**Exercise data**
* * *
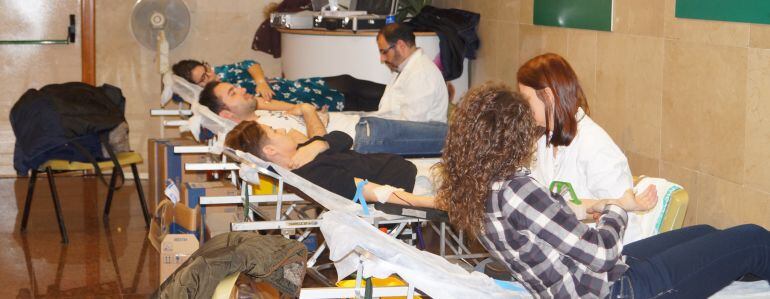 Numerosas personas se han acercado, hasta la sede central de Caja Rural de Castilla-La Mancha, para donar sangre  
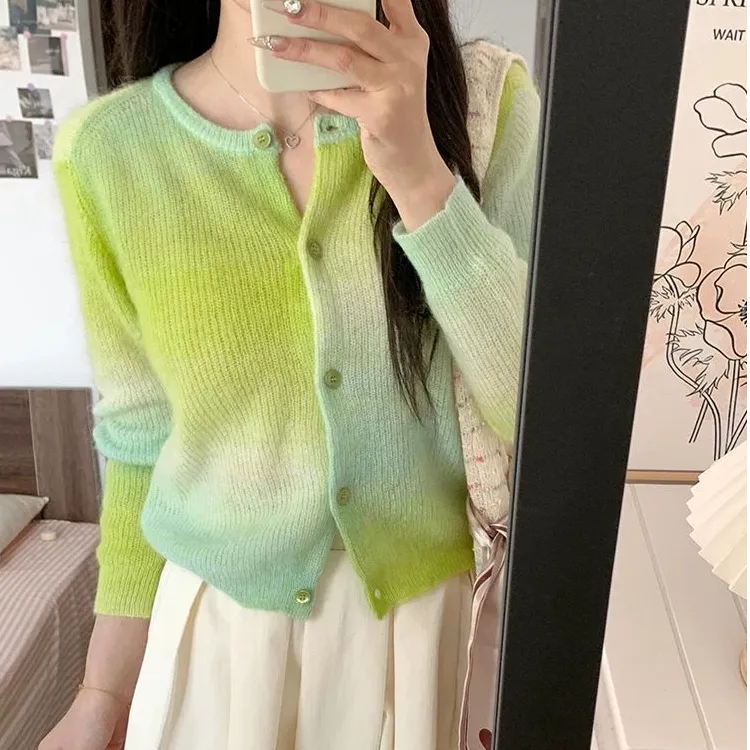 ZHI LING/芷翎渐变色圆领长袖百搭毛针织衫女装外搭时尚绿色上衣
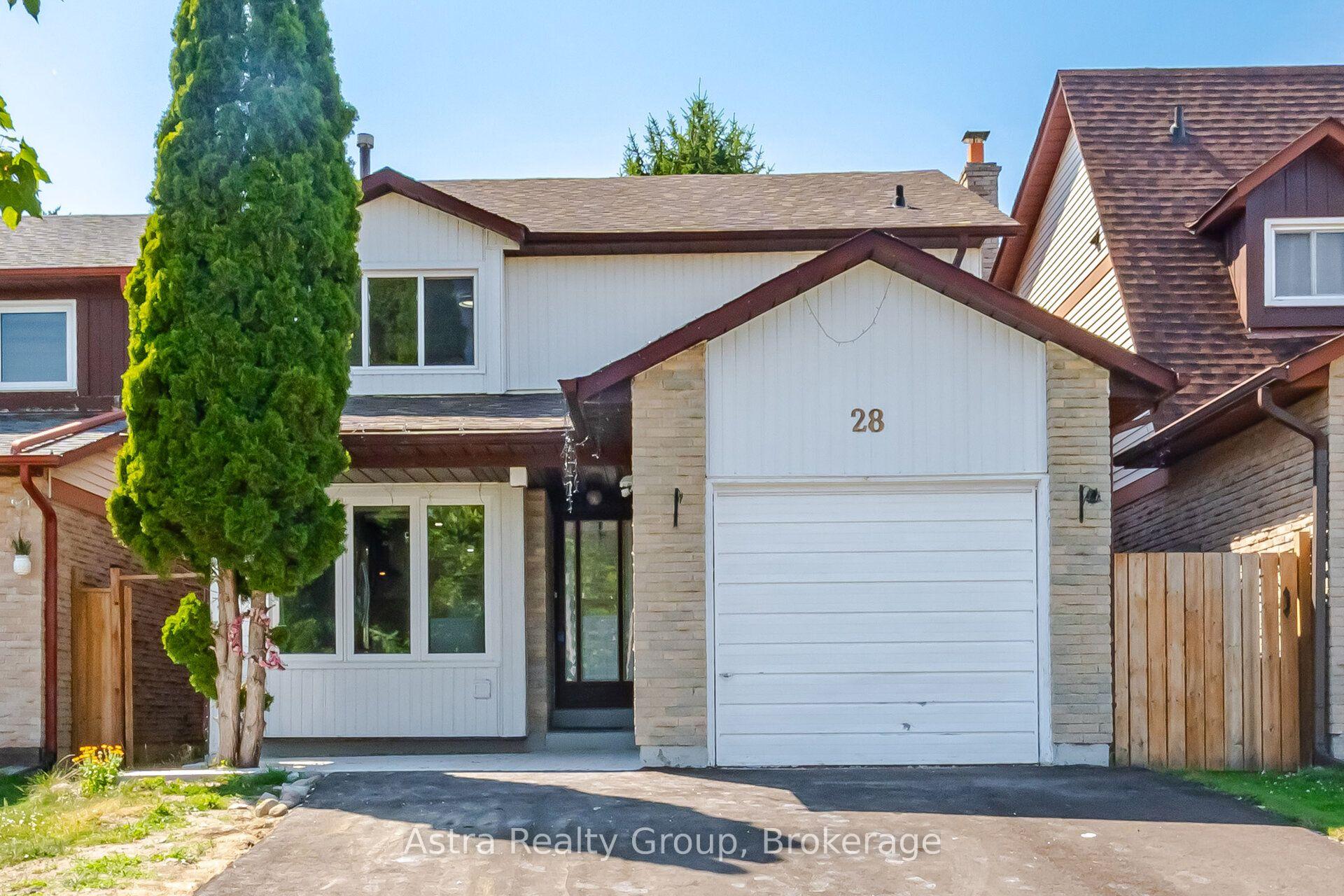 Photo 3 of 28 Borden Hill Court, Brampton, Central Park — HOMEH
* * *
**About this exercise**
Take the lines from the one containing "ZHI LING/芷翎渐变色圆领长袖百搭毛针织衫女装外搭时尚绿色上衣" through the last line of the listing and repeat them exactly. Omit the pictures.

**Solution**
 ZHI LING/芷翎渐变色圆领长袖百搭毛针织衫女装外搭时尚绿色上衣
 Photo 3 of 28 Borden Hill Court, Brampton, Central Park — HOMEH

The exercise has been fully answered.